=== Records ===

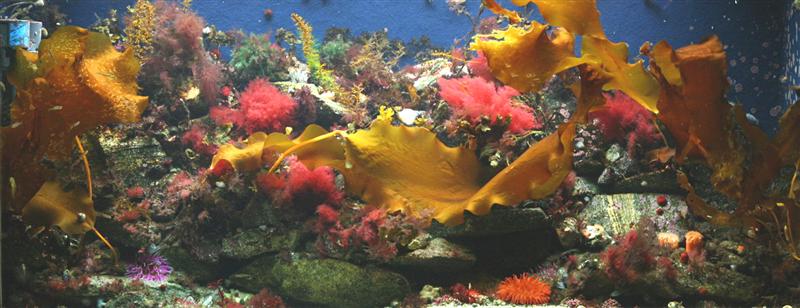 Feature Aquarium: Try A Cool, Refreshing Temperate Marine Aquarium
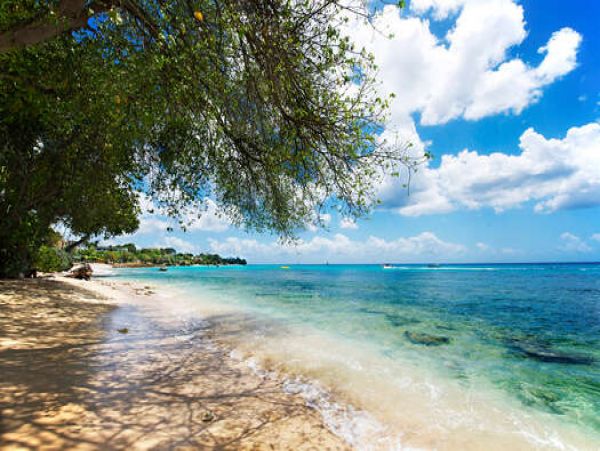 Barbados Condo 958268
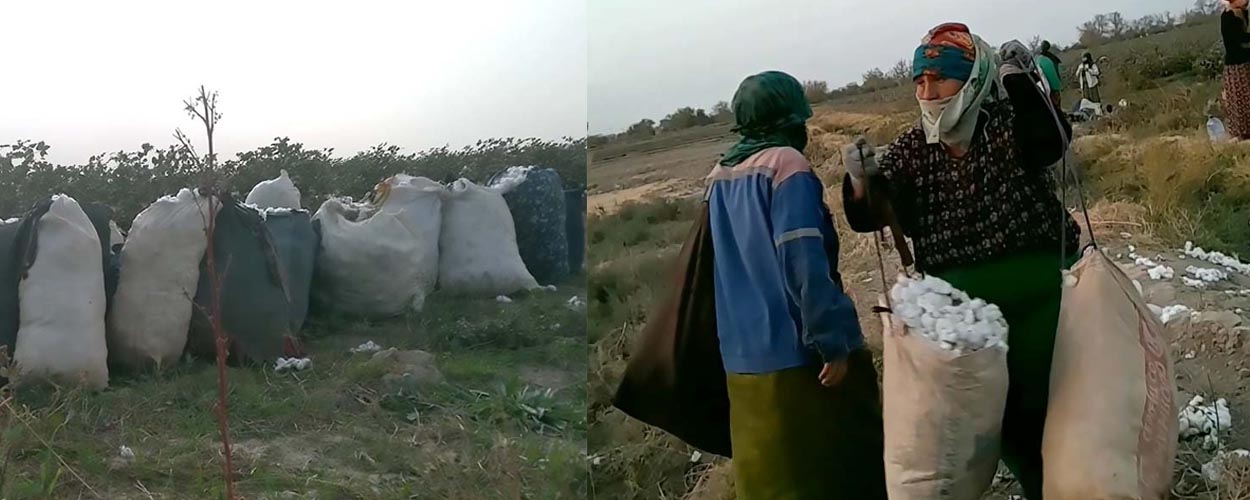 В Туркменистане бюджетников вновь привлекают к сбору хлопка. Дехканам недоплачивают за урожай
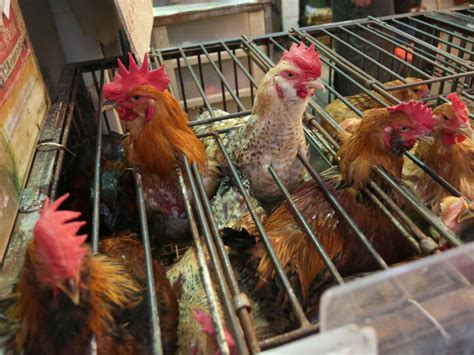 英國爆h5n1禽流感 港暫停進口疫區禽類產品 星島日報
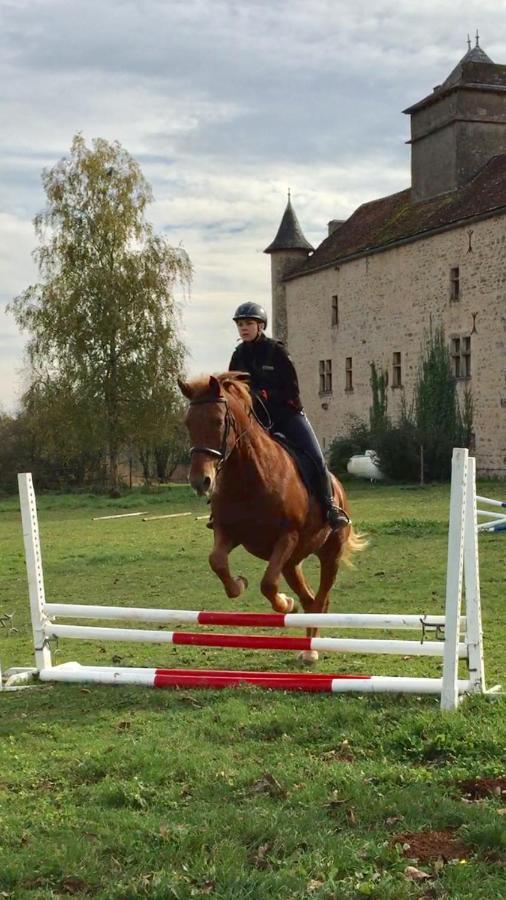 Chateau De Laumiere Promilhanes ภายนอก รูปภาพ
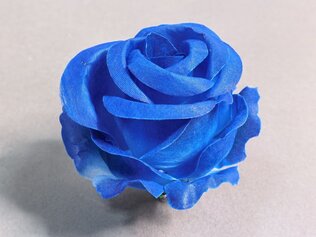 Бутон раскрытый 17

===
=== Records ===

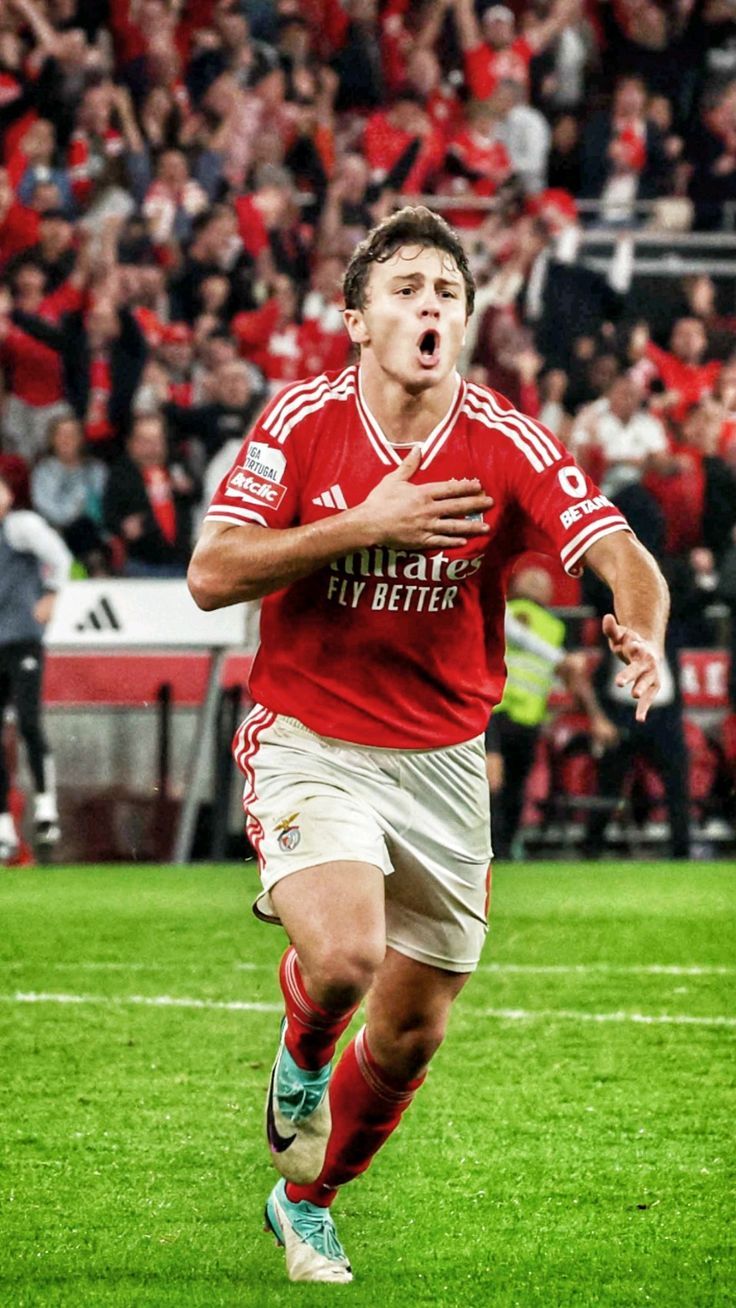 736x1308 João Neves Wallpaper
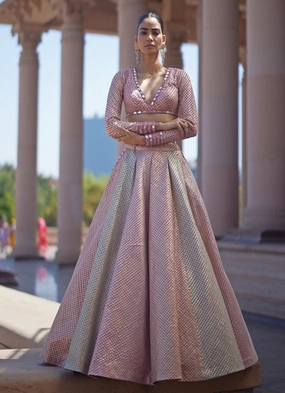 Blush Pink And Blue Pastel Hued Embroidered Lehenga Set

===

What you will do:
Using the listing above, reproduce word for word every line from the one containing "736x1308 João Neves Wallpaper" through the one containing "Blush Pink And". Pictures must be left out.

Task response:
 736x1308 João Neves Wallpaper
 Blush Pink And Blue Pastel Hued Embroidered Lehenga Set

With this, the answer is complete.